TASK ITEM:
Reproduce verbatim the line containing "Overseas Express" and every line that follows it through the end of the entries below, omitting all pictures.
◇ ◇ ◇
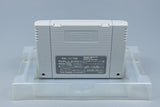 Super Famicom *Gambler Jiko Chuushinha: Mahjong Kouisen* OVP Anleitung NTSC-J #2
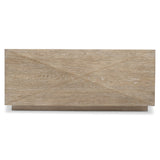 Aventura Marcona Cocktail Table - Ornate Home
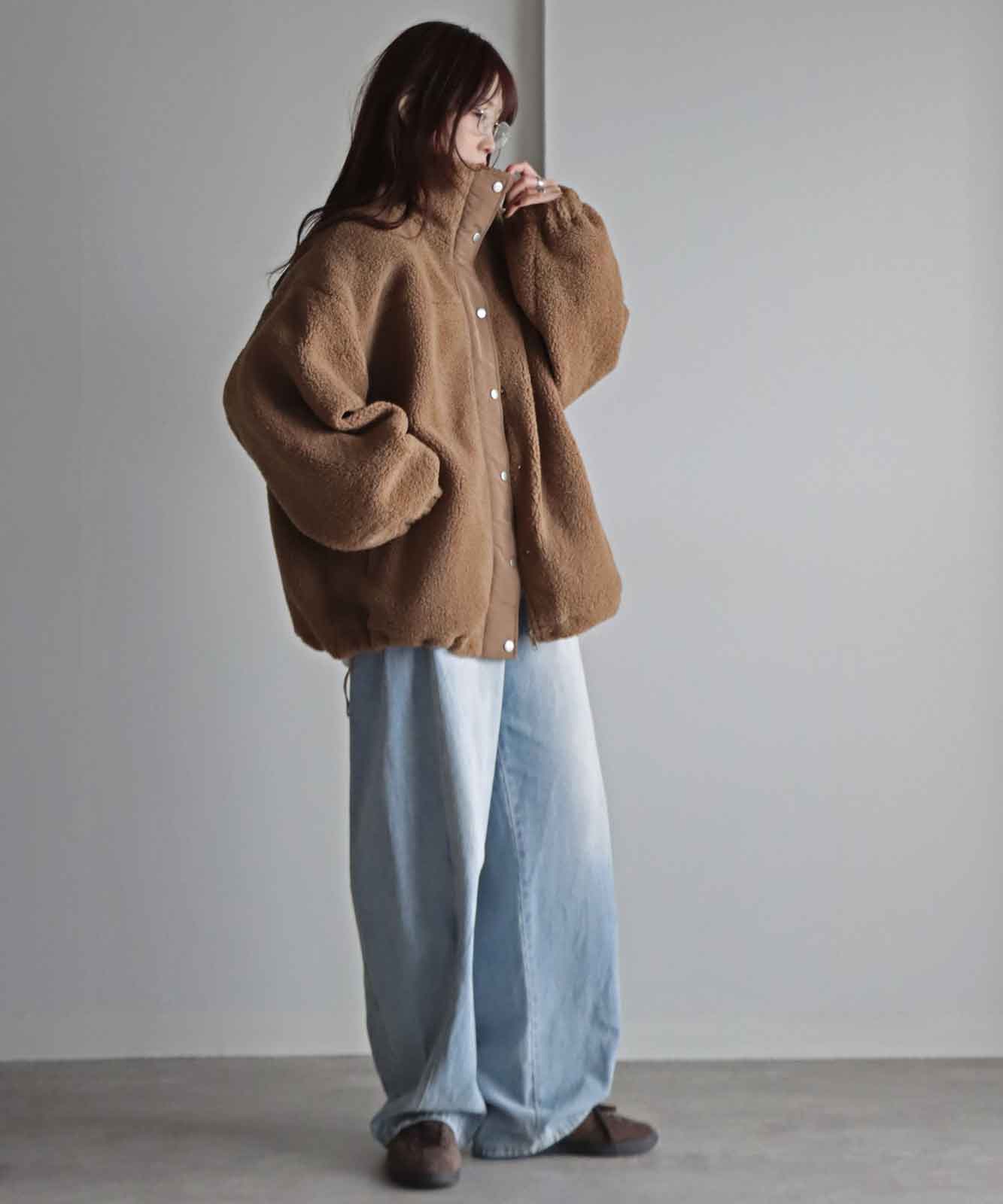 ���ɥ����ȥܥ�������ɥ֥륾��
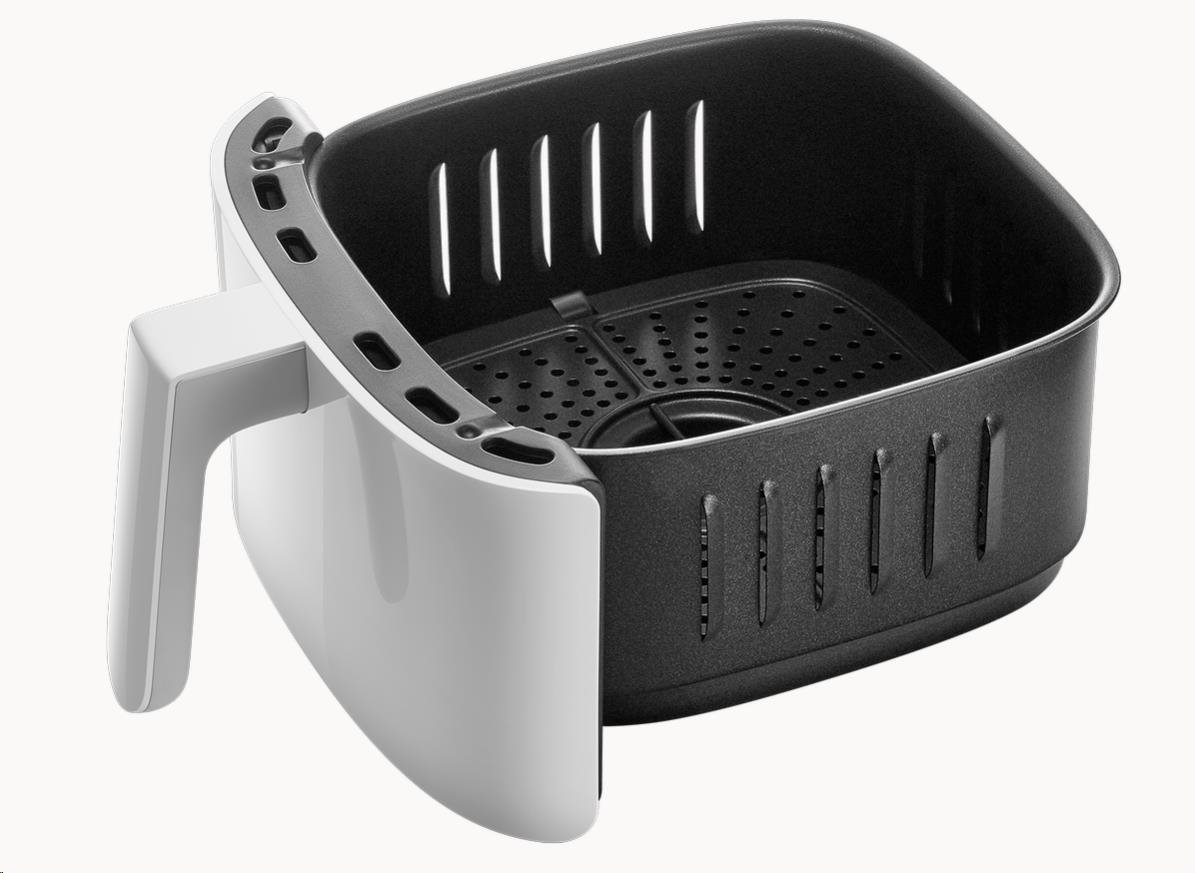 Xiaomi Mi Smart Air Fryer5 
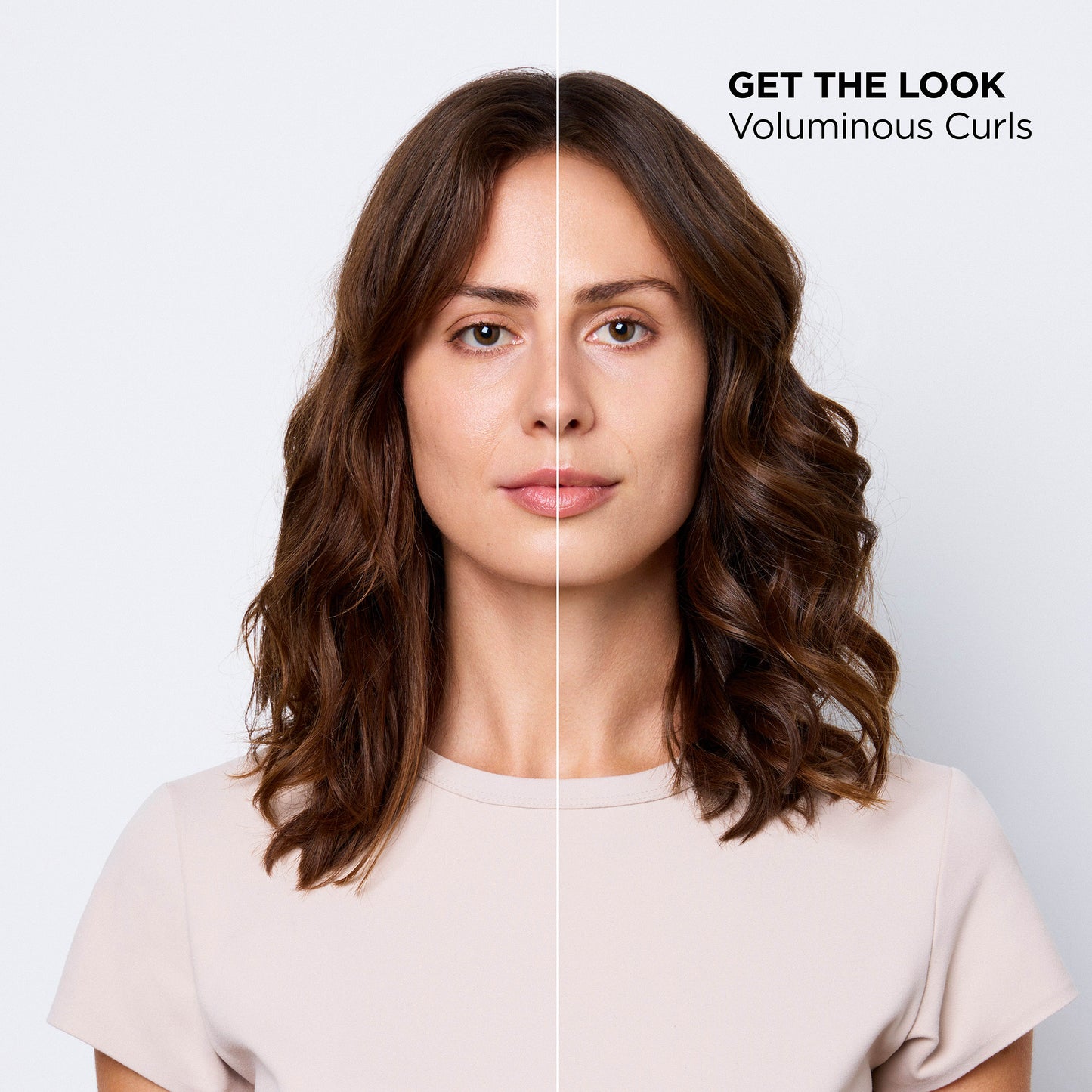 Aria Wave Air Styler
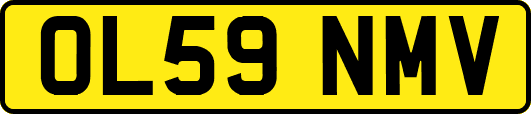 OL59NMV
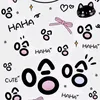 pengefruit0
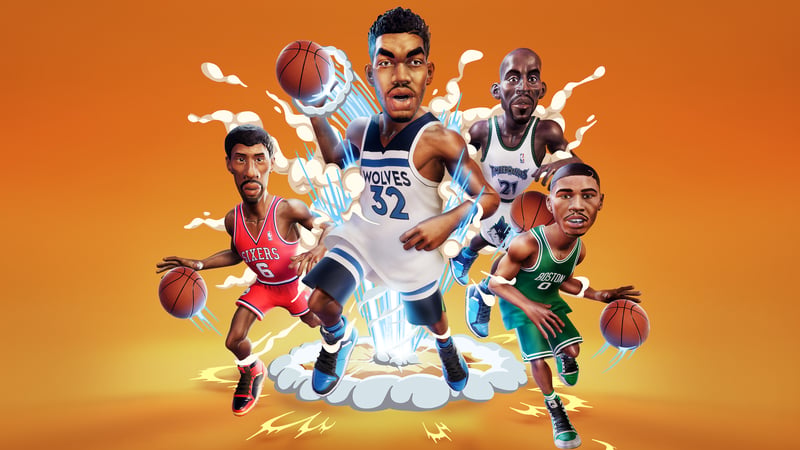 Game artwork 1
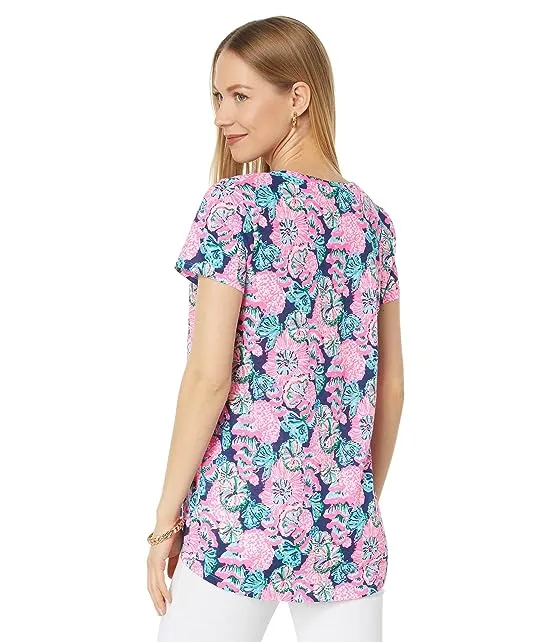 https://images.styletyx.com/images/etta-scoop-neck-lilly-pulitzer-13129075_2.webp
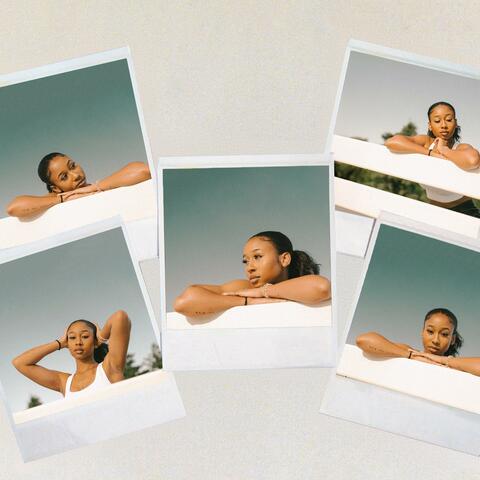 Lay It Out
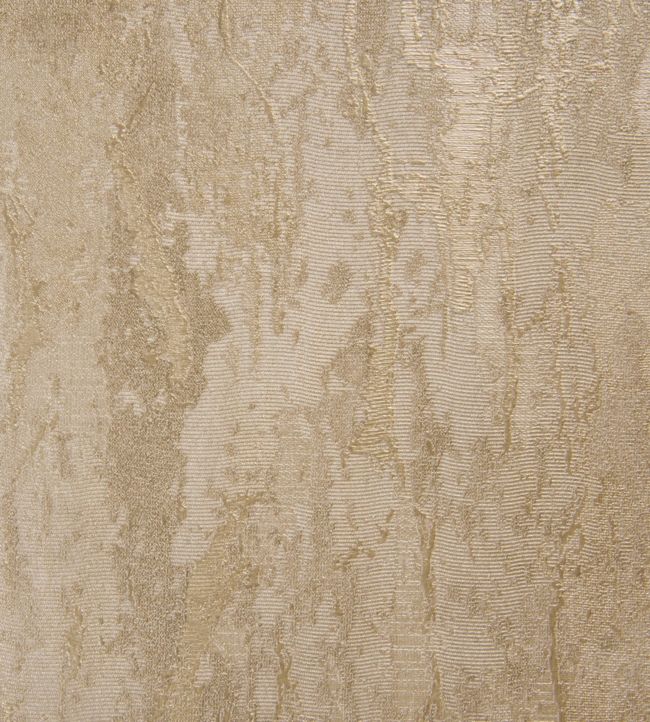 Onyx Four Wallpaper by Today Interiors 3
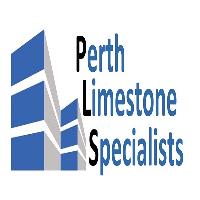 Perth Limestone Specialists image 1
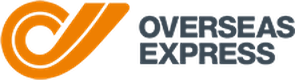 Overseas Express
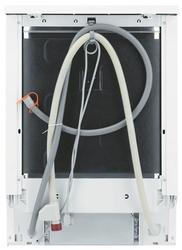 Electrolux ESI5550LOX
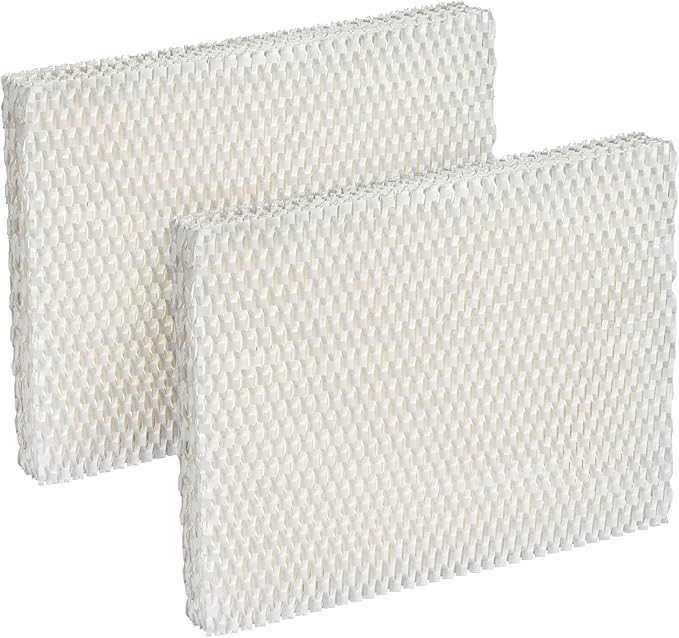 MD1-0034 Humidifier Filter Replacement by Ximoon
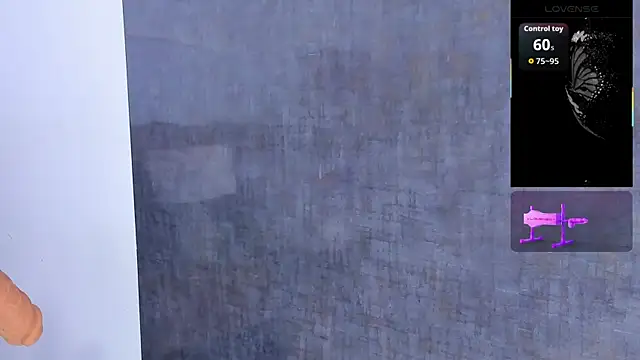 Issys milf online show from September 21, 2025, 4:06 am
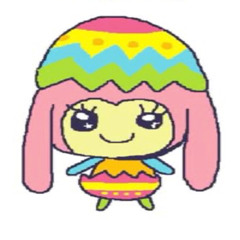 k8
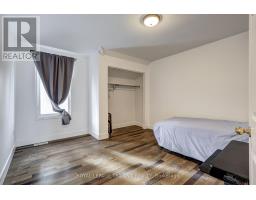 2 ELYSIAN STREET - 26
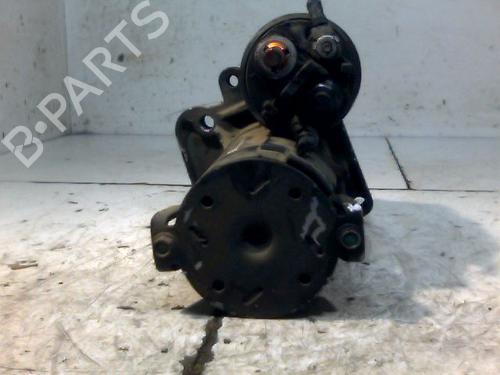 Starter DACIA SANDERO 1.5 dCi | BP26099448M8 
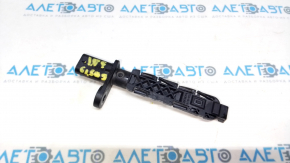 Датчик положения коленвала BMW X5 G05 19-23 3.0T B58B30C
◇ ◇ ◇
RESULT OF THE TASK:
 Overseas Express
 Electrolux ESI5550LOX
 MD1-0034 Humidifier Filter Replacement by Ximoon
 Issys milf online show from September 21, 2025, 4:06 am
 k8
 2 ELYSIAN STREET - 26
 Starter DACIA SANDERO 1.5 dCi | BP26099448M8 
 Датчик положения коленвала BMW X5 G05 19-23 3.0T B58B30C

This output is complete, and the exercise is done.